With the pictures left out, write out exactly the lines of the listing below that run from the line with "Sala da pranzo" through the line with "snc, Civitacampomarano - foto 36".

TASK DATA:
+++++

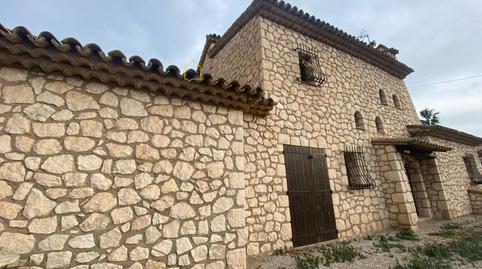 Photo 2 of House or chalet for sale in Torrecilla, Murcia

+++++

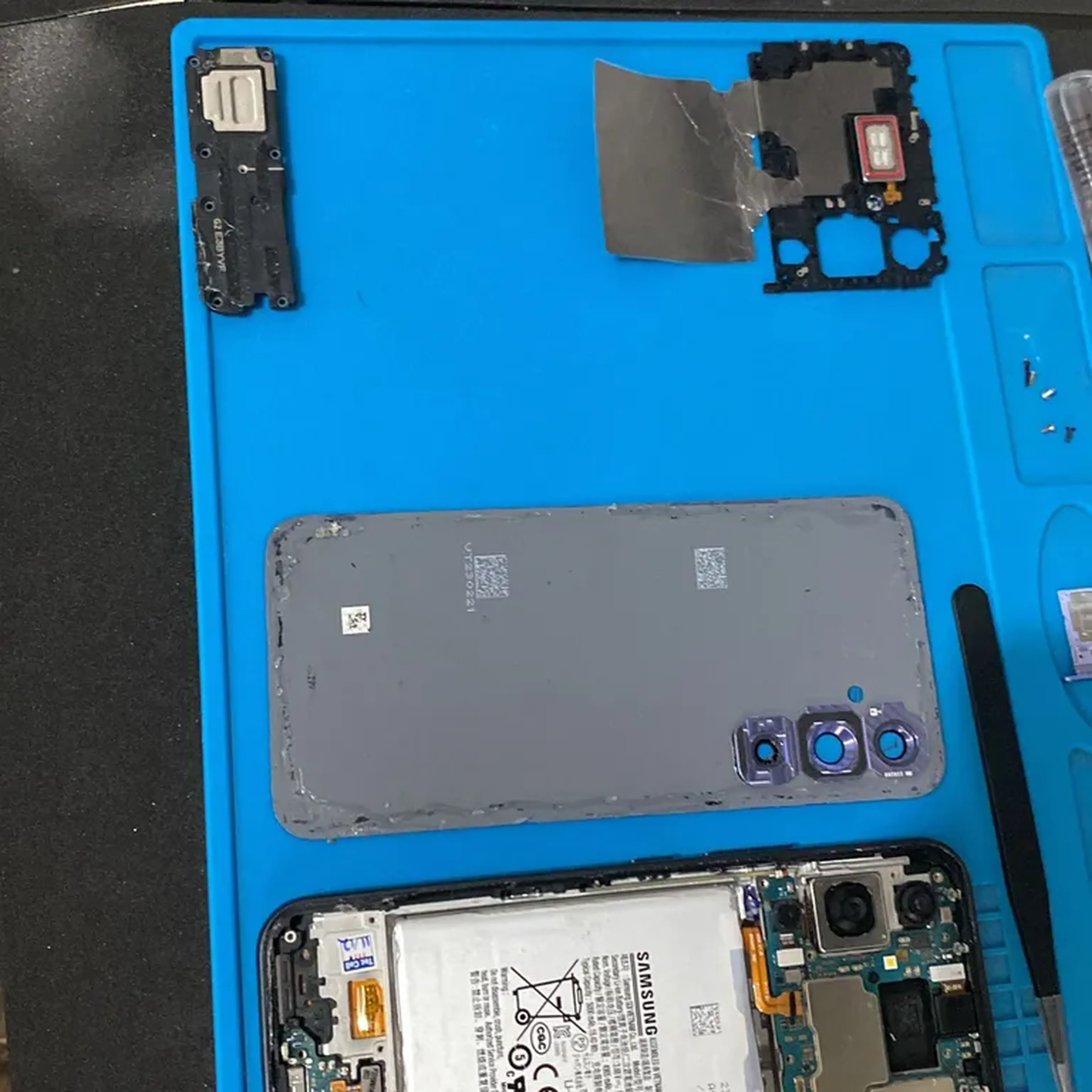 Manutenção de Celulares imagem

+++++

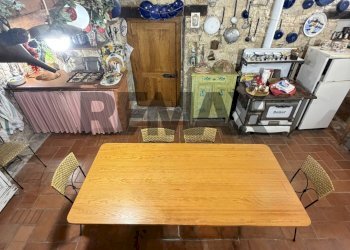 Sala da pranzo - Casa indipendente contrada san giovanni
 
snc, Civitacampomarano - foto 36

+++++

WORKED SOLUTION:
 Sala da pranzo - Casa indipendente contrada san giovanni
 
snc, Civitacampomarano - foto 36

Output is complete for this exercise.